_What to produce:_
Search the entries for the word "shelf" and report each line that has it.

_Records for processing:_
***

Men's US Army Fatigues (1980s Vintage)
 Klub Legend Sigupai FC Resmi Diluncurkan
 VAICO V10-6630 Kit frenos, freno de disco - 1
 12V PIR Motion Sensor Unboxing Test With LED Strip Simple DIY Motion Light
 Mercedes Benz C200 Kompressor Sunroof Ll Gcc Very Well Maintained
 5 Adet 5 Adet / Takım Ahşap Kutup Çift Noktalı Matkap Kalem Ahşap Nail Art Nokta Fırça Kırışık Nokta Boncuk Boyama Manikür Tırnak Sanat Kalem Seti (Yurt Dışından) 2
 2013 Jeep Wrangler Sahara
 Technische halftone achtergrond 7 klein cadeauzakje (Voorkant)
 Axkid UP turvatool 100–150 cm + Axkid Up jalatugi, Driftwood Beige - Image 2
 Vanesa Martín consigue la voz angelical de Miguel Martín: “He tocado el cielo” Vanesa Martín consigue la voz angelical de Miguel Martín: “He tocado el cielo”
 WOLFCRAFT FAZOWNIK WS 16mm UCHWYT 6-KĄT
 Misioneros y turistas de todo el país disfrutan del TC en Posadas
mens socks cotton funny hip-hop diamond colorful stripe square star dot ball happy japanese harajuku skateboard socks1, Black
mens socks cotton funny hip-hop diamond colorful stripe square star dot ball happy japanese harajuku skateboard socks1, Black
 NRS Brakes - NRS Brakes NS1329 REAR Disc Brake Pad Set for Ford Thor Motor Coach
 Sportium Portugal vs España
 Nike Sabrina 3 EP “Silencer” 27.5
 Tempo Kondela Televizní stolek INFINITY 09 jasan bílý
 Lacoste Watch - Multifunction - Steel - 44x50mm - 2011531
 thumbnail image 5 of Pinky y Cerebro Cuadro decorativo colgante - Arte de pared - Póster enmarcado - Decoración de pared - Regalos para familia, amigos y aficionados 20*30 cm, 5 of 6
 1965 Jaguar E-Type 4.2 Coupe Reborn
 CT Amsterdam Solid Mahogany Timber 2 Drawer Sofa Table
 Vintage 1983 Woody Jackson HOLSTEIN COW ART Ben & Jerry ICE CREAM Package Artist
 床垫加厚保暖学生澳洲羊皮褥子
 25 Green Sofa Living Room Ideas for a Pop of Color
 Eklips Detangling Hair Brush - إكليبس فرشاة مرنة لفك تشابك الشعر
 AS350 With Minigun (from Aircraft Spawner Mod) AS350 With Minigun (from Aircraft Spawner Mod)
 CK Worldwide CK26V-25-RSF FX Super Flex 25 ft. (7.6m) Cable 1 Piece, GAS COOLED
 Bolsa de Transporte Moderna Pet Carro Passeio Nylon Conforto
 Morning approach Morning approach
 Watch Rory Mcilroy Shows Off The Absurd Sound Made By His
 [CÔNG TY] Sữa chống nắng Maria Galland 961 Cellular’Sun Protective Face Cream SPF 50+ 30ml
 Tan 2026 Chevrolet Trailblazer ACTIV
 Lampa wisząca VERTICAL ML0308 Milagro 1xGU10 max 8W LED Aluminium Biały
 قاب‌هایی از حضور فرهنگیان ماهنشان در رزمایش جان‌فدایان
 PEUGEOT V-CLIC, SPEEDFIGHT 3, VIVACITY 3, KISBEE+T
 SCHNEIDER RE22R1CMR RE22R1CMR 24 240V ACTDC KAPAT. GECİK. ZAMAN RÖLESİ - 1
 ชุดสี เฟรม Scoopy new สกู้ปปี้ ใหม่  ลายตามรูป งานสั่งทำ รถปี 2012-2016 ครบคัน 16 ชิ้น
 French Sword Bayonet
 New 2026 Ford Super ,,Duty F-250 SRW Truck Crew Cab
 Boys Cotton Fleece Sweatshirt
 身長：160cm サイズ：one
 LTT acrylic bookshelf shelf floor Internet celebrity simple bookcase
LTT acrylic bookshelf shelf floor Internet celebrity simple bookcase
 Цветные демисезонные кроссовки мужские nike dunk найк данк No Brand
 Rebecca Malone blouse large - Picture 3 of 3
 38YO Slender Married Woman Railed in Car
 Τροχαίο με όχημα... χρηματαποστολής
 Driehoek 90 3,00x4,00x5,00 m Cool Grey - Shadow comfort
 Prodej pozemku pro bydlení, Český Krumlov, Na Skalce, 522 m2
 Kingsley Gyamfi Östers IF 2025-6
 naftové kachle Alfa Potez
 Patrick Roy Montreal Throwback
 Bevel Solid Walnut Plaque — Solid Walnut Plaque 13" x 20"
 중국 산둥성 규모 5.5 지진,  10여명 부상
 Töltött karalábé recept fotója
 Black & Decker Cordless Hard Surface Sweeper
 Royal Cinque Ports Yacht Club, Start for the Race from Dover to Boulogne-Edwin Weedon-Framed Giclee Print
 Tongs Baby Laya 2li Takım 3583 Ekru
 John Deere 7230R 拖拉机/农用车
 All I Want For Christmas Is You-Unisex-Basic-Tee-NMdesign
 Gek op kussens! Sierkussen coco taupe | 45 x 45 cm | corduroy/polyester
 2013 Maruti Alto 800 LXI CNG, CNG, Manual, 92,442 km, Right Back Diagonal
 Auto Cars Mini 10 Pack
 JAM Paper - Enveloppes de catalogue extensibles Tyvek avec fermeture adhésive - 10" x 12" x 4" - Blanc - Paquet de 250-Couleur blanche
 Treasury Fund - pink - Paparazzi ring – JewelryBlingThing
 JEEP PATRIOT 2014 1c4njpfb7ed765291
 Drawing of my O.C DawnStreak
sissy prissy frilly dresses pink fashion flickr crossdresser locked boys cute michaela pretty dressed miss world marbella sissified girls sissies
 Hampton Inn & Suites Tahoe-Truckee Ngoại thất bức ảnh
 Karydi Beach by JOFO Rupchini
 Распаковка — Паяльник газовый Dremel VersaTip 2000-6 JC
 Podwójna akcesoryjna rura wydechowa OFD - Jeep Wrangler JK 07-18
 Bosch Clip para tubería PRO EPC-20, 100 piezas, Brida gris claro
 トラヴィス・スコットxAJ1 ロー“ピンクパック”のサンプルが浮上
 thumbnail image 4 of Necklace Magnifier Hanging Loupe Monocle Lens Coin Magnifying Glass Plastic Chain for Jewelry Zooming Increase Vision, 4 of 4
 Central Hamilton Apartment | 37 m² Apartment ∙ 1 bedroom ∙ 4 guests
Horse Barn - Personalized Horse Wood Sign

***

_Answer to the problem:_
 LTT acrylic bookshelf shelf floor Internet celebrity simple bookcase
LTT acrylic bookshelf shelf floor Internet celebrity simple bookcase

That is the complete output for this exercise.